My 7 month old girl is a messy drinker. We feed raw meat/bones. We have a large yard and she runs around a lot until she is thirsty.
I have a small stainless steel bowl that she doesn't use much. I used to hear her sneaking into the bathroom to drink. She figured out how to lift the lid. I try to keep the doors closed but there are 4 other people in this house that don't pay attention. So we bought one of those gravity fed - water cooler type of dog bowl. The bowl part is small. She gulps or almost chews water. When that happens, it splashes out all over the floor. Then her whole muzzle is wet and drippy. Since getting this bowl, she has not gone near the bathrooms. So I guess she is getting enough water. Also - since getting this bowl we have woken in the middle of the night with a messy crate . Maybe she is getting too much water before bedtime. She is outside a lot but maybe I have to go out there and remind her to potty before bed. 

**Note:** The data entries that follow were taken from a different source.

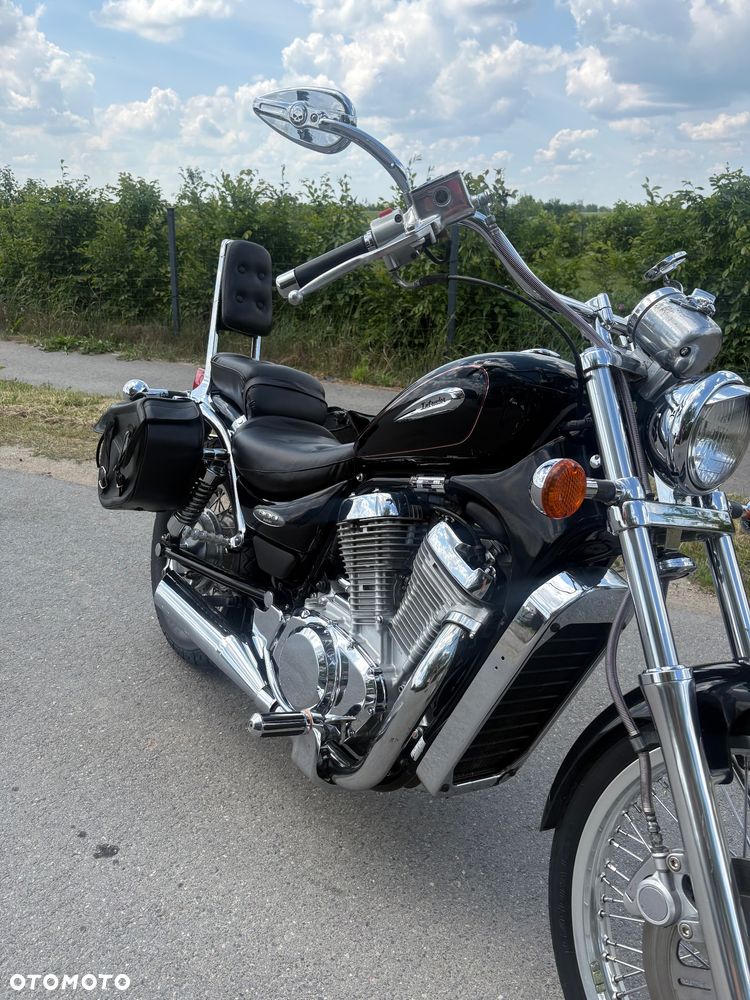 Suzuki Intruder - 11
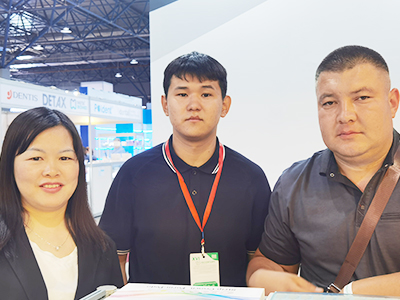 Exchange Conference with Wisedent at the Kazakhstan Dental Exhibition 9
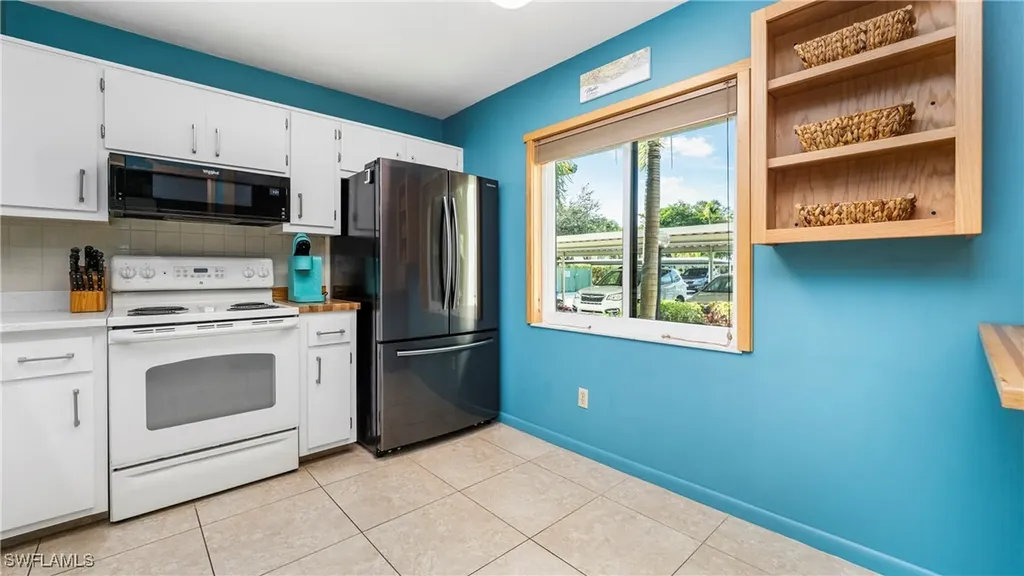 2904 Kings Lake Boulevard Naples FL 34112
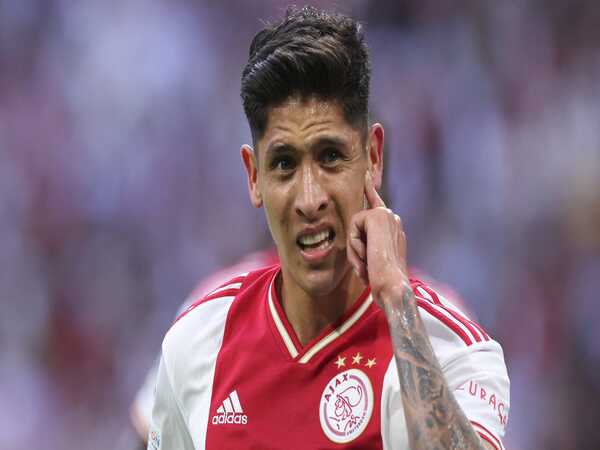 Pemain serba-bisa Ajax Amsterdam yaitu Edson Alvarez, mengaku hampir menangis setiap harinya usai gagal pindah ke Chelsea / via AFP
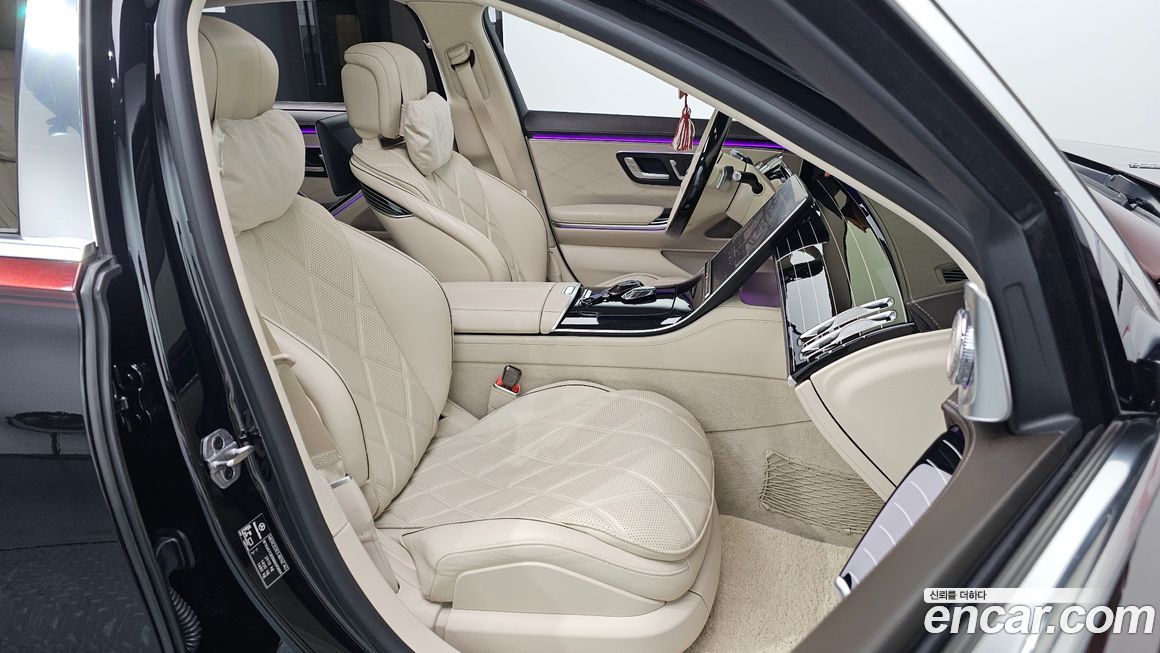 Mercedes-Benz S-Class 2021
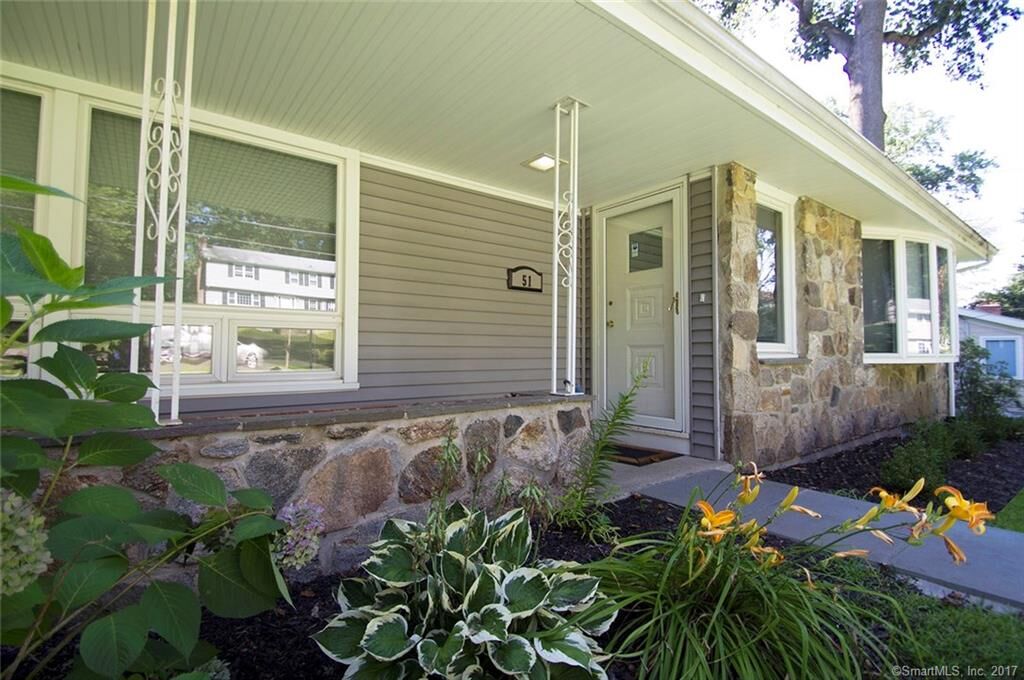 Property Photo:  51 Crest Terrace  CT 06825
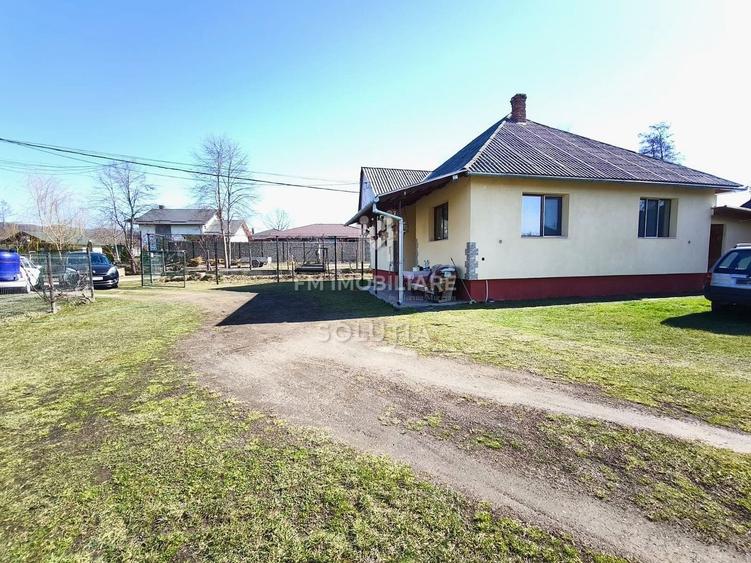 Casă individuală cu 3 camere cu Canalizare în Satu Nou de Sus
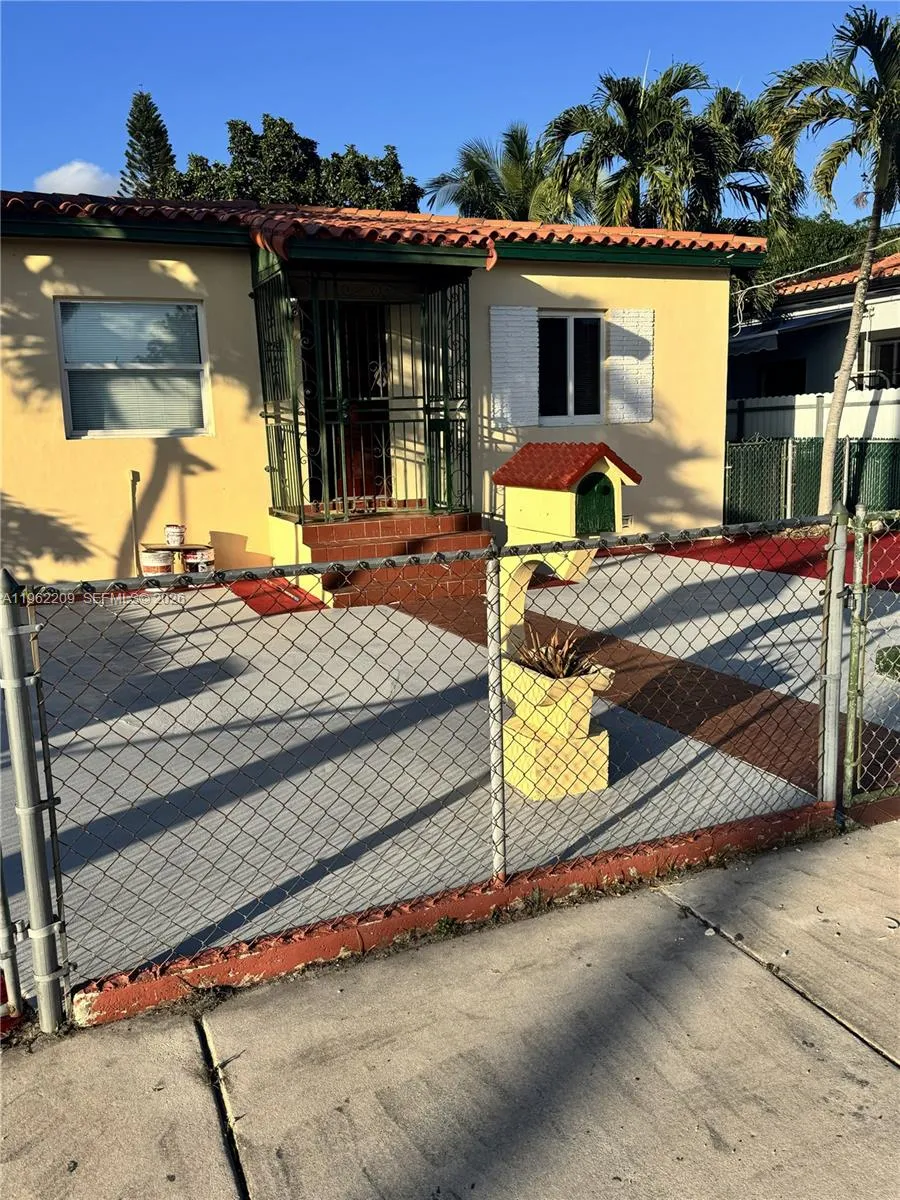 4 bedroom 4 bath for sale at 3445 NW 2nd St, Miami FL 33125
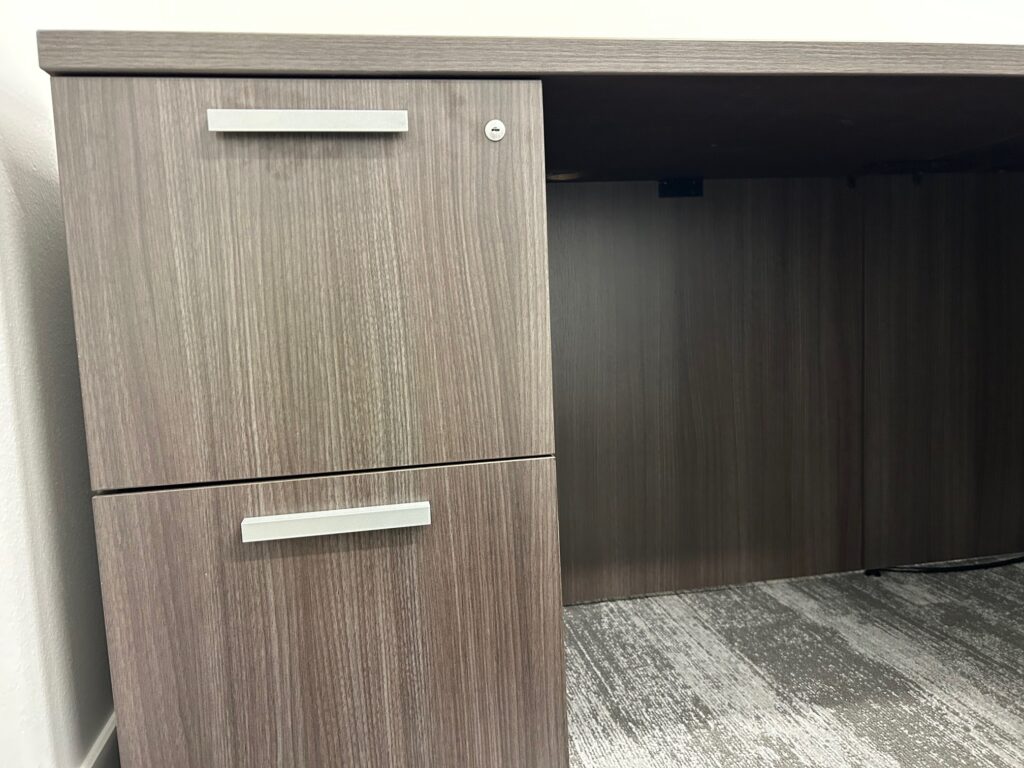 6′ x 7.5′ National L shape desk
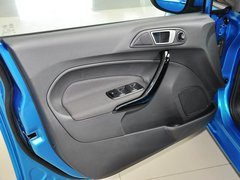 2013款 两厢 1.5L  自动 运动型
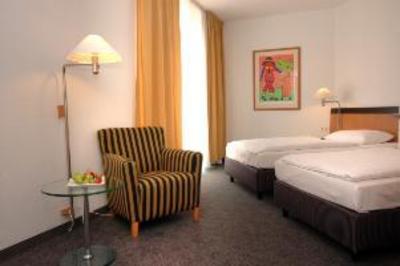 фото отеля Holiday Inn Berlin City Center East Prenzlauer Allee
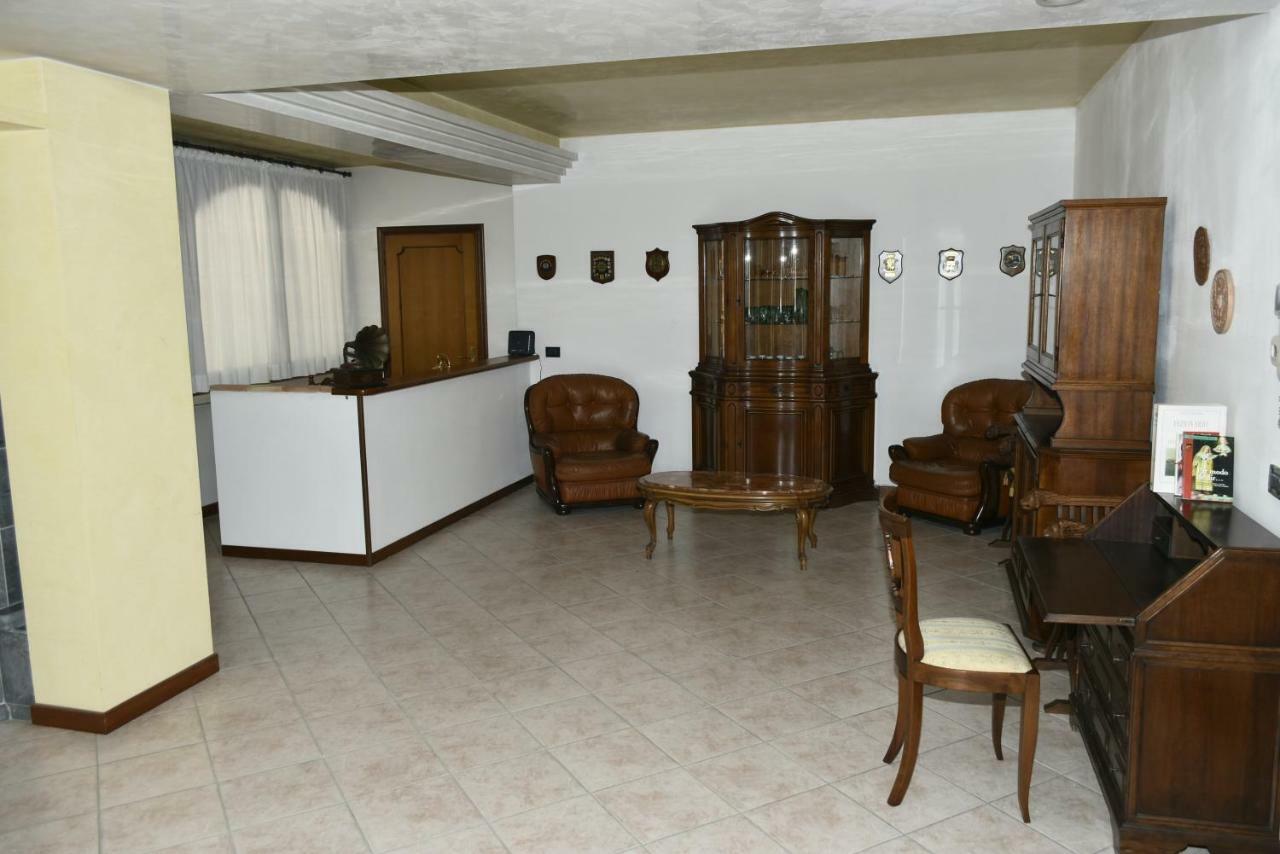 Villa Manuela Mestre Buitenkant foto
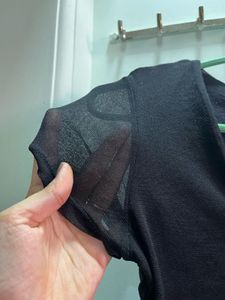 Black V-Neck Crop Top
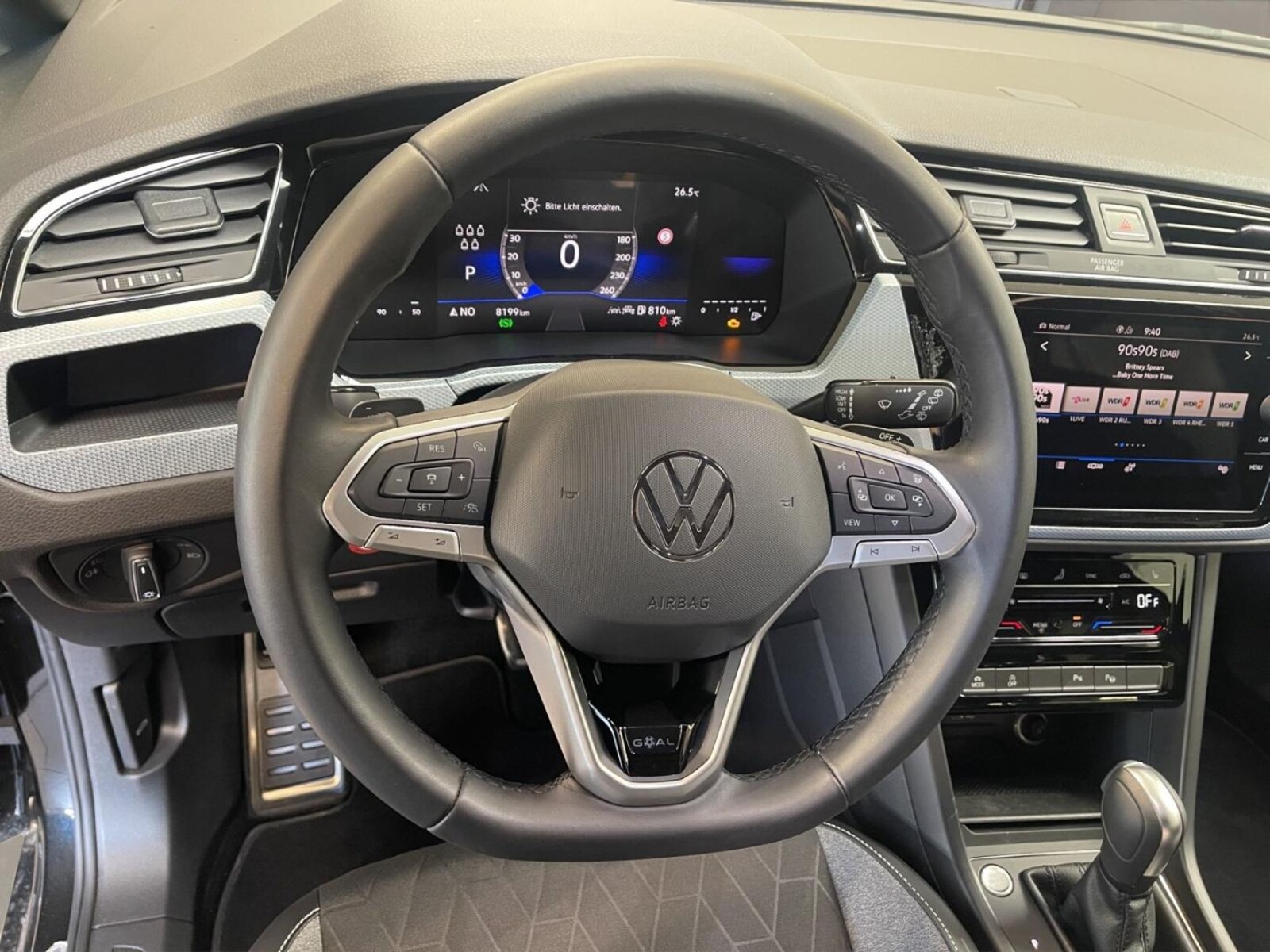 Volkswagen Touran – Bild 11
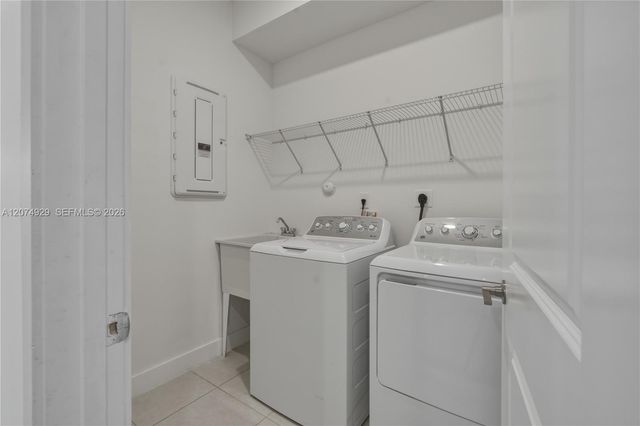 4372 SW 122nd Terrace, Davie, FL 33330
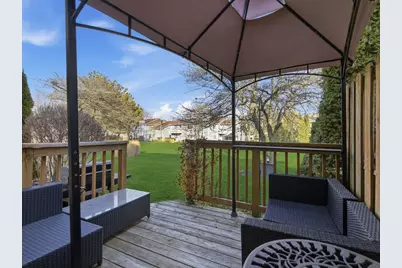 1013 Chatham Place, Vernon Hills, IL 60061 - Photo 19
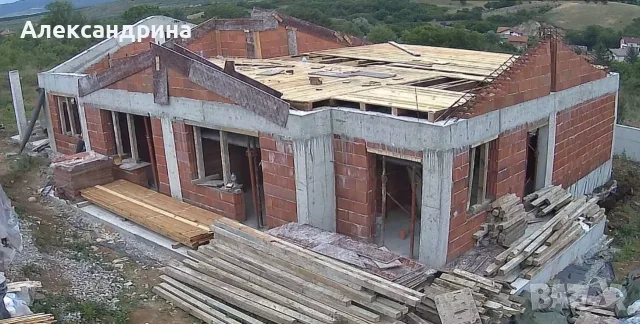 Продавам къща в с. Големо Бучино гр. Перник, снимка 12 - Къщи - 54868444
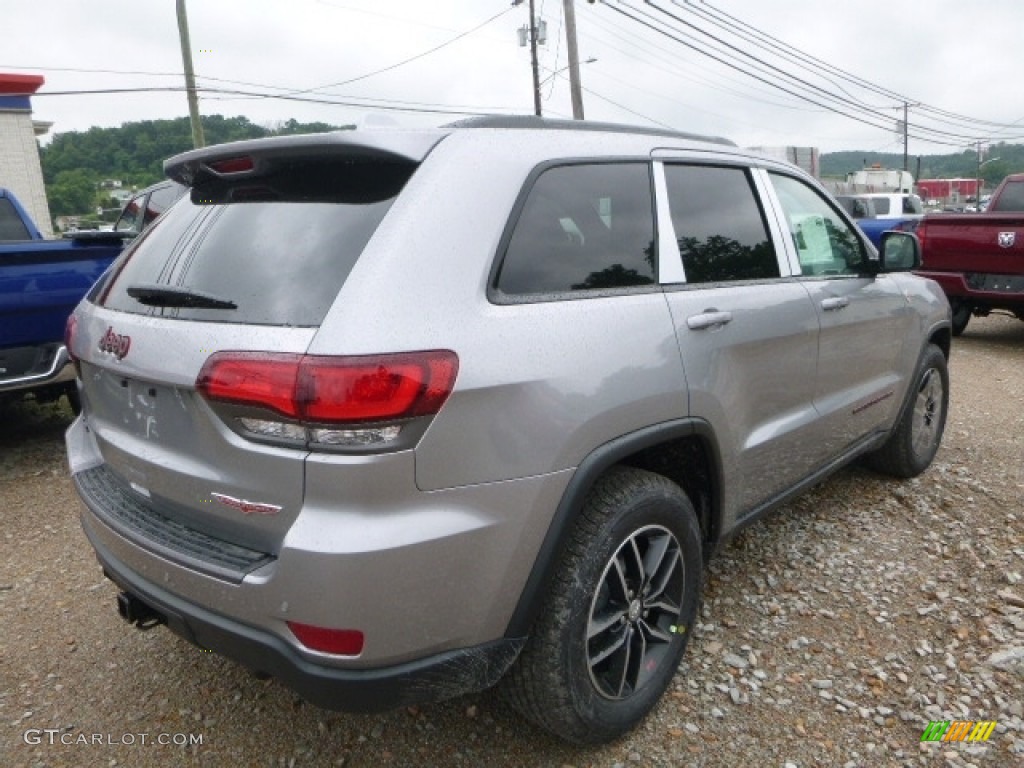 2017 Grand Cherokee Trailhawk 4x4 - Billet Silver Metallic / Black photo #5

Is this a training issue? Is it an equipment issue? Can it be both? I have looked at splash-proof bowls on amazon.com


----------



## Hrachia (Dec 10, 2011)

Well in dog obedience basically one of the main rules of allowing them water or food specially when they are young is make a log on when they eat and drink and how long it takes them to defecate or urinate. This way you know when to allow her to drink and eat and when not to. Mine isn't in a crate so every time she needs to go out she wakes me up.


----------



## qbchottu (Jul 10, 2011)

Try the buddy bowl. It will cut down on the mess and isn't as easy for the little ones to play in. Great American Spillproof Products - Home

I place drymate dog bowl mats under the water bowls and that helps keep the area clean as well.


----------



## kiya (May 3, 2010)

I never monitored water intake, I just keep a towel on the floor by the water bowl. Only one of my dogs is really sloppy, Kiya, she will drink then pick her head up to look around and as she's standing there the water will just pure onto the floor.


----------



## rooandtree (May 13, 2012)

oh yes we have this problem too...he sounds like a olympis swimmer doing laps when he drinks..and water ends up all over him,the flor and us because always after drinking he decides to give kisses.....i found a cheap water proof kitchen floor mat at wal mart..and i had to put 3 side by side..and at least my wood floor is save now


----------



## gmcwife1 (Apr 5, 2012)

Nita is the messiest drinker ever!!! She does the looking around beween laps, she doesn't close her mouth all the way, she doesn't lick her lips before she walks away from the bowl and she loves to put her foot in the bowl or carry it around and move it 

I wonder how much she would hate one of thoese buddy bowls!


----------



## katdog5911 (Sep 24, 2011)

Stella was the messiest water drinker ever. She always had to put her foot in the bowl as she was drinking. And then afterwards, she liked to tip the bowl over. Glad to say that this behavior has stopped. Still a messy drinker, but now at least we just have dribbles of water, not rivers!


----------



## Alyalanna (May 28, 2011)

My lab is a messy drinker not in that she has water running out of her mouth afterwards but she splashes a lot of water out of her bowl when she is drinking. I finally put a cat litter box under her water bowl. It works great! It catches everything that she splashes and is easy to clean out. I'm not sure how much it will help when dogs have water running out of their mouths after they drink but it certainly catches all of the other splashes and is a cheap solution.


----------



## ssimoo1982 (Aug 25, 2012)

Could anybody tell me how to start a thread? i am new to the site


----------



## ssimoo1982 (Aug 25, 2012)

Could anybody please tell me what breed of dog this is?
http://www.facebook.com/?ref=tn_tnm...139553372803420.30915.100002462735578&type=1& at 7 months old now http://www.facebook.com/simohamed.s....139553372803420.30915.100002462735578&type=1& at 3 months old.
I was told he might be GSD husky mix but again i looked at some he doesnt look like them at all, he got long ears, others told me he is a gsd of the working line. Please if any expert knows


----------



## doggiedad (Dec 2, 2007)

i keep a towel on the floor next to the bowls.when he drips
i place my foot on the towel and use it as a skate. if your
dog isn't holding overnight take her out once or twice
overnight. what do mean she's in the yard a lot?


----------



## m1953 (May 7, 2012)

I use the towel too and put a non skid area rug under the bowl that absorbs lots of the dripping water...I think most large dogs are not what you call the neatest drinkers.


----------



## jourdan (Jul 30, 2012)

Avery doesn't lick his lips either after he is done. I will say the tile around his water bowl is the cleanest in the house since its mopped two or three times a day. I was hoping he'd grow out of it but it seems like that won't be the case. 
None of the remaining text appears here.